Having an alert system is crucial to have confidence in your product. There are 2 main points you need to consider, Monitoring and Alerts:
- Monitoring consists of dashboards and reports to display the metrics.
- Alerts involve taking some type of action such as notifying someone, writing to a log, and raising an alert on a dashboard.
Having an alert system is crucial to delivering the right information to the right people at the right time
Important Metrics to Watch
The list is long and you can get lost on all the possible metrics you can watch and raise an alert upon. A good strategy is starting with the riskiest ones, the ones that can stop the system to work, stability, and performance. Here is a list of some of the most-watched metrics:
CPU utilization Memory utilization Memory breakup Load balancer (Number of instances running) Services and processes running Processor queue length Disk usage Network up Plugin Crontab executed Event logs generated Application details Expiring Certificates Docker/Kubernetes containers
These metrics can be swapped or removed or you can even add others according to your needs. The goal here is to find the best metrics to watch and raise different levels of alerts to the specific group of people at the right time. These metrics can help the team to check the system’s health and also increase the confidence and reliability not only in the recovery steps when something goes sideways but also in the alert system itself.
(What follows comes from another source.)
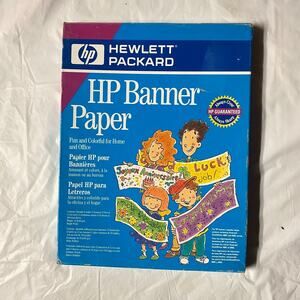 HP Banner Paper for Inkjet Printers - Make your own Banners NEW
Different Types of Metrics
I found this good framework to create a good alert. It needs to have these properties:
Actionable: Indicates a problem for which the recipient is well placed to take immediate action.
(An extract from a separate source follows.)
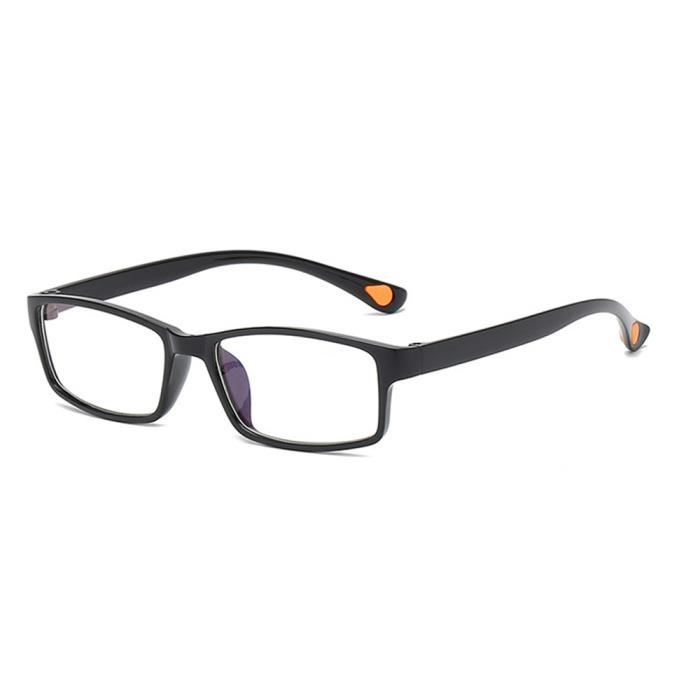 Noir Dioptrie -1,50 Lunettes de Myopie Carrées Noires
Investigable: Indicates a problem whose solution is not yet known by the organization.
Do you need to take an action every time? No, you can specify a capacity limit, and then once the metric reaches this limit you can have the first support acting up on it, then when it reaches the second limit then you have a different action like calling the second line support, or calling a script to restart a service, etc.
Sometimes there is no action to take. For example, “CPU utilization” or “Packet loss.” These are some classic FYI alerts. Instead of alerting, these things should appear on a dashboard for use in troubleshooting when a problem is already known to exist.
Do you need to send the alert straight away? Also no, especially when you have mechanisms of self-healing. There’s no need to bother a human to fix the issue; the response should be automated.
Depending on your recovery strategy, you can wait 5, 10, or 15 minutes to check if the metric is still showing a problem, and then, if it is you can raise the alert accordingly. In the alert, you can always have a link to the documentation with recovery steps (e.g. a “runbook” indicating steps to perform).
Remember to have an FYI for when the problem is fixed as well, so in case something has failed in the middle of the evening and in the morning is working, you get the latest update about the problem.
Always keep records and logs to investigate what happened and how the system reacted.
Dan Slimmon has a good spreadsheet example of an alert framework:
Monitoring and Alert Tests
Independently the tool you are using for your metrics and alerts: Grafana, Cloudwatch, Sensu, Prometheus, or New Relic. It is important to have a test strategy to cover this critical part of your system.
Some common tests you need to perform are much more Devops related, like scaling down some instances on AWS, simulating a high memory load with scripts, or even creating scripts specific to remove log files from the Docker container.
Points to keep in mind:
Is it worth automating?
Think about if you have a lot of changes and maintenance to the project. How much effort would be to create the automation for these scenarios? How complex these scenarios would be? Does automating them bring any real value?
There are some tools that you can use to perform chaos engineering:
AWS FIS (Fault injection Actions Simulator) to automate some of the scenarios and add to your continuous delivery pipeline. It’s a fully managed service for running fault injection experiments on AWS that makes it easier to improve an application’s performance, observability, and resiliency.
Chaos Mesh utilizes chaos experiments within Kubernetes environments. It’s able to use various types of scenarios related to fault simulations within a distributed system.
Many other tools can be used and you can check the list in this post.
At what stages do you want to test and what scope?
Check if you need to do manual smoke tests for each feature and then have a bigger regression after merging the tickets, or manual test for the feature and at the same time add the automation for this scenario, so at the end of the pipeline, you have the full regression.
Maybe you don’t even need to have automation running for this project and just doing manual feature tests for the tickets and having a report with the full regression scenarios is enough
Whatever is the strategy that you choose, make sure you have the max confidence you can have with the current constraints and a plan to improve in the near future.
Automating these tests is complex and always involves a good knowledge of infrastructure. I personally had and still have to do a lot of research when it comes to it.